Bi-directional streaming of particles accelerated at the STEREO-A shock on 9th March 2008

TL;DR

This study interprets particle anisotropy and intensity near a shock on 2008 March 9th, showing how large-scale magnetic field structures influence early particle acceleration, supported by simulations matching observations.

Contribution

It provides a detailed interpretation of particle anisotropies and intensities at a shock, emphasizing the role of large-scale magnetic structures, supported by test-particle simulations.

Findings

Bi-modal upstream anisotropy indicates trapping of ions.

Simulations reproduce observed anisotropies and intensity spikes.
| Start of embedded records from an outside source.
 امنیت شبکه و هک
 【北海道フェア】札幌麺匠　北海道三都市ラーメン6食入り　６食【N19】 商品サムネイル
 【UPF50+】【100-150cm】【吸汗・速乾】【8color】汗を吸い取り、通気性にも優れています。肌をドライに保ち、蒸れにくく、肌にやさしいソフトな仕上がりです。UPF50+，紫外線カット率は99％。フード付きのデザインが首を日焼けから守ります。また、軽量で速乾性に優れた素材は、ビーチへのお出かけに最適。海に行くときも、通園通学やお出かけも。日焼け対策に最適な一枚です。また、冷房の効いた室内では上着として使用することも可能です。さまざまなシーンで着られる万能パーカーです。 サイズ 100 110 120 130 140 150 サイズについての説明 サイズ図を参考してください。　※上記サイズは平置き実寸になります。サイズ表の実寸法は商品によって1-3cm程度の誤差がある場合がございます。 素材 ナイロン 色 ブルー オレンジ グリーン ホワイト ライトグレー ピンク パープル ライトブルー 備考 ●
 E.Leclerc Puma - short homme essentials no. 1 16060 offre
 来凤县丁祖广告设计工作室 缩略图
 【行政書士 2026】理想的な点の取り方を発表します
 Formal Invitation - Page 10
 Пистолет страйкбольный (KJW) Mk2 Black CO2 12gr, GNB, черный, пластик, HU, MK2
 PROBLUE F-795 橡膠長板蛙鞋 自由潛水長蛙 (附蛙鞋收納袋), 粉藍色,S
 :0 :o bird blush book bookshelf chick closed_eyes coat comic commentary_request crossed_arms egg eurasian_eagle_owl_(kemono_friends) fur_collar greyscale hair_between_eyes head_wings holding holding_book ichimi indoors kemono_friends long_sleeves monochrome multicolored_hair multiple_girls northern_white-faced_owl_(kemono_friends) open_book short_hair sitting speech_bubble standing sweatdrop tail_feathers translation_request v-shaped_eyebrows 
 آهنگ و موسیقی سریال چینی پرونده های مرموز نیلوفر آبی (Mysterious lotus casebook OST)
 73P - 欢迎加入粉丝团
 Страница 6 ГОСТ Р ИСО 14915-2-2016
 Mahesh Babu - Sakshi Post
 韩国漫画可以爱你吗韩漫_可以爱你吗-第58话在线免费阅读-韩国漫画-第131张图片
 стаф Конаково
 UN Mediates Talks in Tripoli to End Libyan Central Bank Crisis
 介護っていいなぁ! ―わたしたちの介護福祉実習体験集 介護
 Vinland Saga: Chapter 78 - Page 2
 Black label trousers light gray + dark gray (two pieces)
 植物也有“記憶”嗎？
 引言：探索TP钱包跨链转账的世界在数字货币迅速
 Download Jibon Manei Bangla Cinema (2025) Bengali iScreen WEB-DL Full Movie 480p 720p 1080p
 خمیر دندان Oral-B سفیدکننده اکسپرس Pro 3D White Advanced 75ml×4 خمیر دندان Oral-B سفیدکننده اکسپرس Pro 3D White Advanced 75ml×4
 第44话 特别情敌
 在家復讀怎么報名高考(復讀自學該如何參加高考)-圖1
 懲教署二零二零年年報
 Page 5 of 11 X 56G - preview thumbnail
Large-scale magnetic field structures dominate early particle acceleration.

Abstract

We present an interpretation of anisotropy and intensity of supra-thermal ions near a fast quasi-perpendicular reverse shock measured by Solar Terrestrial Relations Observatory Ahead (ST-A) on 2008 March 9th. The measured intensity profiles of the supra-thermal particles exhibit an enhancement, or "spike", at the time of the shock arrival and pitch-angle anisotropies before the shock arrival are bi-modal, jointly suggesting trapping of near-scatter-free ions along magnetic field lines that intersect the shock at two locations. We run test-particle simulations with pre-existing upstream magnetostatic fluctuations advected across the shock. The measured bi-modal upstream anisotropy, the nearly field-aligned anisotropies up to ~15 minutes upstream of the shock, as well as the "pancake-like" anisotropies up to ~10 minutes downstream of the shock are well reproduced by the simulations. These results, in agreement with earlier works, suggest a dominant role of the large-scale structure (100s of supra-thermal proton gyroradii) of the magnetic field in forging the early-on particle acceleration at shocks.